Kör hırs nedir, biliyor musun ?

Uçurumun kenarına gelip, “Herkes düşecek ama ben en güzel şekilde düşerim” demektir.

Yani mesele düşmemek için uğraşmak değil…

Başkalarından daha havalı düşmek.

Bak, hırs kötü değildir. Ama gözü dönmüş hırs, işte o seni yoldan çıkarır.

O yüzden adına “kör” hırs denir. Çünkü gözü görmez, kulağı duymaz, kalbi hissetmez.

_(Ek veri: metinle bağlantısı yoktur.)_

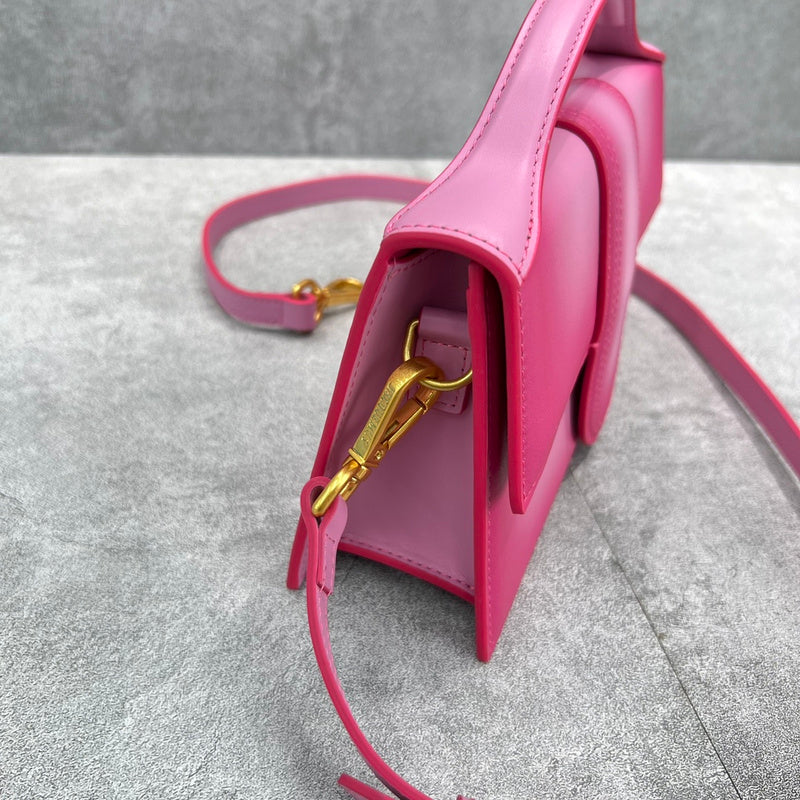 Satchel Bags - JQMS Bags - 037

Bu hırs insanı öyle bir hale getirir ki…

Ne önünü görür, ne etrafını.

Sadece bir hedef koyar önüne ve koşar.

Ama öyle koşar ki, selam vermez, tebessüm etmez, manzaraya bakmaz.

Çünkü kafasında tek bir şey vardır:

Önce ben varayım. Kimse benden önce gitmesin.

Peki sorarım size :

Böyle aceleyle gidilen yolun kıymeti olur mu?

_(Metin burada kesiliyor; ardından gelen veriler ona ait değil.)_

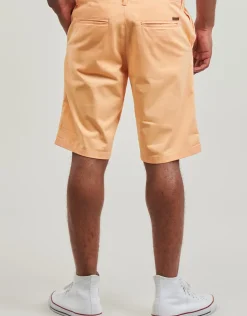 Jack & Jones - JPSTBOWIE JJSHORTS SOLID SN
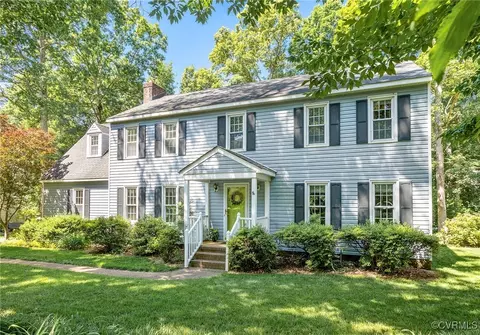 2020 Running Brook Ln, Midlothian, VA 23113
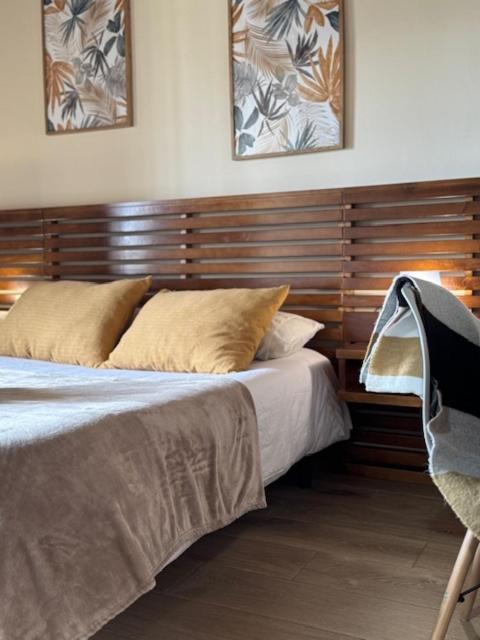 Twin Room With Mountain View photo 2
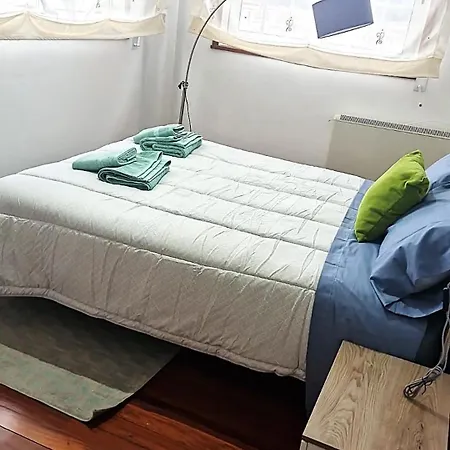 Guest house Vacansis Santiago Garcia Prieto Y Romero Donallo Privadas Conjo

Kestirmeden gidersin, hızlı varırsın.

Ama yol sana ne kattı?

Ne öğrendin?

Ne yaşadın?

Hiçbir şey…

Sonra biri karşına çıkar, der ki:

“Yol nasıldı?”

Sen cevap veremezsin.

Çünkü yolu değil, sadece varmayı bildin.

Oysa yol öğretir insana…

Yokuş çıkar, sabretmeyi öğrenirsin.

Düşersin, kalkmayı öğrenirsin.

Yorulursun, güç toplamayı öğrenirsin.

Yanında biri varsa, birlikte yürümeyi öğrenirsin.

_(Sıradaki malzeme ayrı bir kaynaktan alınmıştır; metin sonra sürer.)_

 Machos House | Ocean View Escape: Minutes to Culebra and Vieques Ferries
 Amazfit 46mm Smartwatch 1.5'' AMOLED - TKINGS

Ama sen bunların hepsini es geçtin.

Çünkü kafana koymuşsun bir kere…

Başarıya giden her yol mubahtır.

Hayır!

Her yol adam etmez insanı.

Her varış noktası mutlu etmez.

Kestirme gidenin hikayesi kısa olur.

Yaşanmamış bir yol, sana ait olmaz.

Bir gün seninle aynı yere varan birini göreceksin…

Ama onun gözlerinde yolun ışığı olacak.

O anlatacak, sen susacaksın.

O “Ben şöyle zorluklar , şöyle güzel manzaralar yaşadım” diyecek,

Sen sadece “geldim” diyebileceksin.

Ve işte o zaman anlayacaksın…

Asıl mesele “ilk varmak” değilmiş.

Asıl mesele, yolda insan kalabilmekmiş.